[Your objective]
First find the line with "Ładny VW TOURAN * 1.6 MPI * Benzyna * 7 osób" in the entries below, then set down exactly every line through the line with "1PCS The Tiny", that line included.

[Entries shown]
Content starts
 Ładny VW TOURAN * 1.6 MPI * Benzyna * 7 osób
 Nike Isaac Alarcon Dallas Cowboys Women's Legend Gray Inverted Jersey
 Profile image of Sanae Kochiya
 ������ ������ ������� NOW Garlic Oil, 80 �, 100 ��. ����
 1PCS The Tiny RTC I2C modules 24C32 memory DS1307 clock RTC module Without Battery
Content ends
Content starts
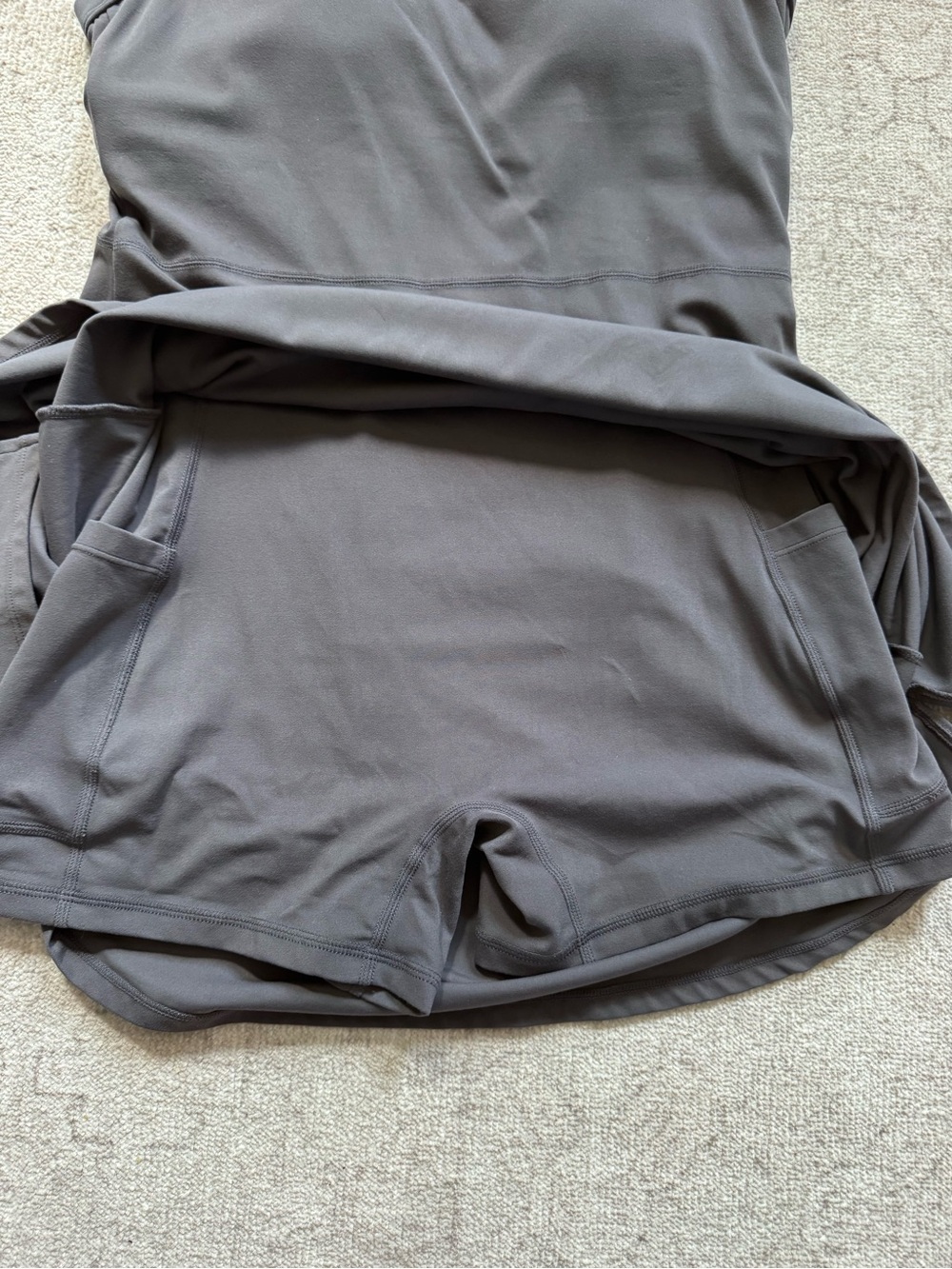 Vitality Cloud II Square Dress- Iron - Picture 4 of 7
Content ends
Content starts
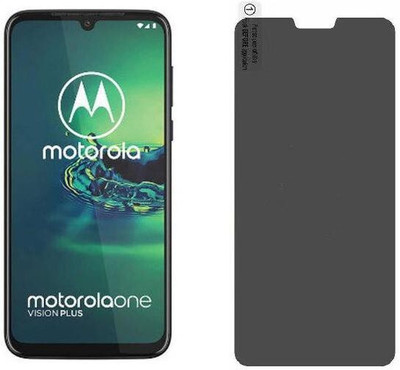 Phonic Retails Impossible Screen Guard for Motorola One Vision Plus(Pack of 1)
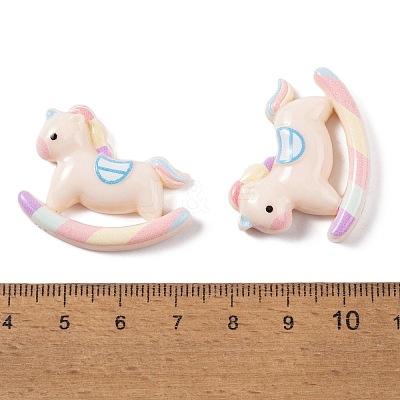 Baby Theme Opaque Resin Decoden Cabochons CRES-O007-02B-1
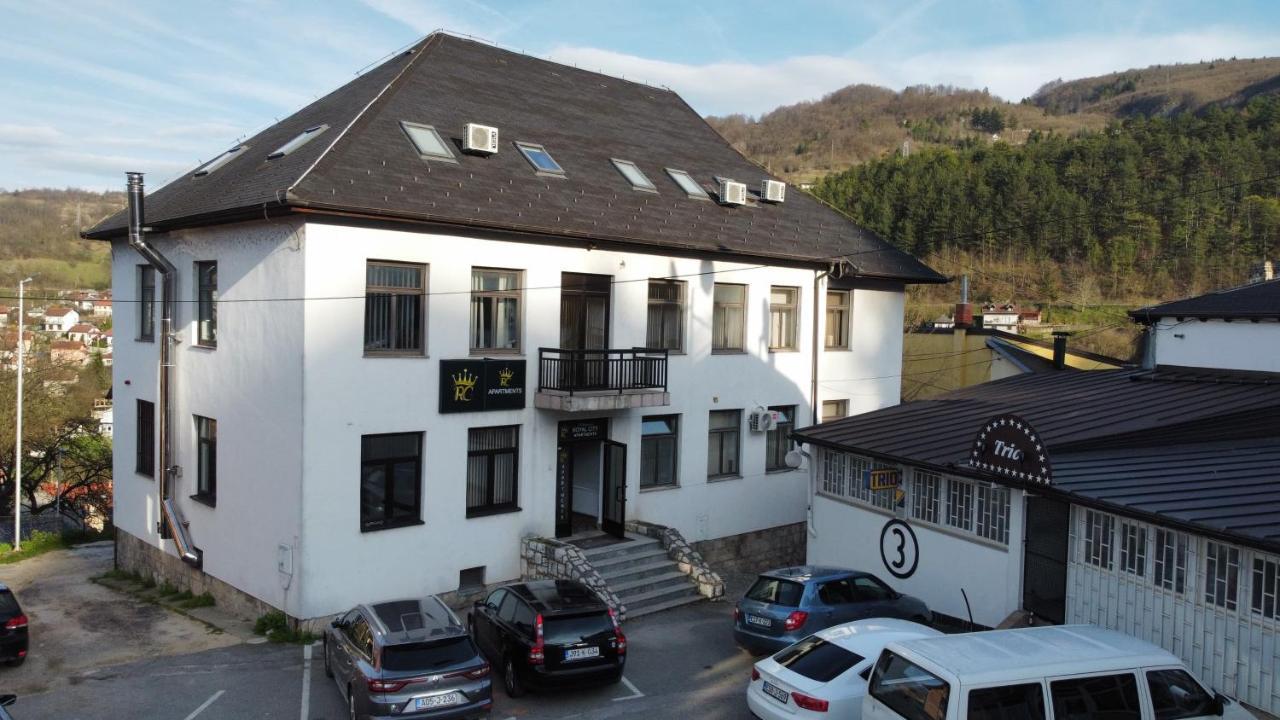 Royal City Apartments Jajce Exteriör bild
Content ends
[Solution to this problem]
 Ładny VW TOURAN * 1.6 MPI * Benzyna * 7 osób
 Nike Isaac Alarcon Dallas Cowboys Women's Legend Gray Inverted Jersey
 Profile image of Sanae Kochiya
 ������ ������ ������� NOW Garlic Oil, 80 �, 100 ��. ����
 1PCS The Tiny RTC I2C modules 24C32 memory DS1307 clock RTC module Without Battery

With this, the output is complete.